ベビーフェイス効果とは、赤ちゃんの顔と似た特徴をもった顔を見た場合、緊張がゆるんで警戒心がなくなってしまう心理状況のことを表します。
人間に作用する心理的効果の一つであるベビーフェイス効果について詳しく解説していきます。ベビーフェイス効果が引き起こされる原理やビジネスに活用する方法などについても紹介していくので、ぜひ参考にしてください。
ビジネスをおこなっていく上で重要なことの一つに、顧客やユーザーに親近感を抱いてもらうことがあります。

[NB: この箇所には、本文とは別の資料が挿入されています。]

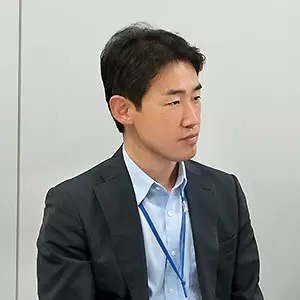 インフラアーキテクチャ部 ネットワーク・セキュリティチーム 副長　小菅 兼二郎 様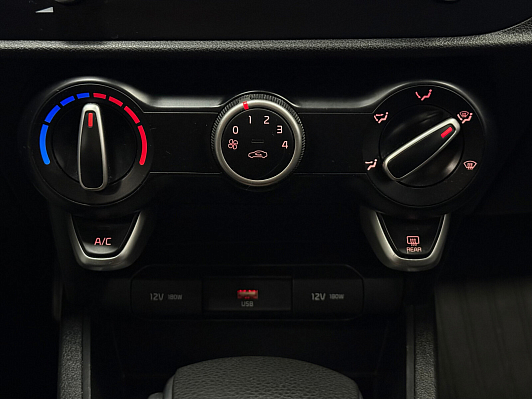 Kia Rio, 2021 года, пробег 86000 км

しかし、顧客やユーザーの心をつかむというにはそう簡単にできることではありません。
実際にその点で苦労している企業や個人の方も多いのではないでしょうか?
しかし、ある心理学のテクニックを使えば、顧客やユーザーに親近感を抱いてもらえるようになったり、親近感を抱いてもらうきっかけを作ることができるようになります。
そして、その心理学のテクニックというというのが、今回紹介していく「ベビーフェイス効果」です。
この記事では、顧客やユーザーとの距離を縮めるのに役立つベビーフェイス効果について詳しく解説していきたいと思います。
ベビーフェイス効果はマーケティングやデザインに活用できるとても便利な心理学的テクニックの一つで、さまざまな分野で活用していくことができるので、ぜひ参考にしてみてください。
目次
ベビーフェイス効果とは
まず、ベビーフェイス効果の概要についてみていきましょう。
ベビーフェイスを日本語に訳すと赤ちゃんの顔となりますが。
つまり赤ちゃんの顔や赤ちゃんのような特徴を持った顔を見ることで得られる効果となります。
私たち人間は、赤ちゃんや赤ちゃん顔と似た特徴をもった顔を見た場合、緊張がゆるんで警戒心がなくなってしまうようになっています。
それと同時に、親近感を抱くようにもなります。
赤ちゃんに対する人間の反応を利用したものがベビーフェイス効果であり、ハロー効果と呼ばれる心理学現象のひとつです。
ハロー効果についても解説すると、人は何かを判断するときに、最も目立つ特徴の影響を受けるため、他の特徴がそれにより歪められてしまいます。
ベビーフェイス効果が働く理由は「ベビースキーマ」にある
では、なぜ私たちは赤ちゃんの顔を見ると緊張がとけて警戒心が緩み、親近感を覚えてしまうのでしょうか?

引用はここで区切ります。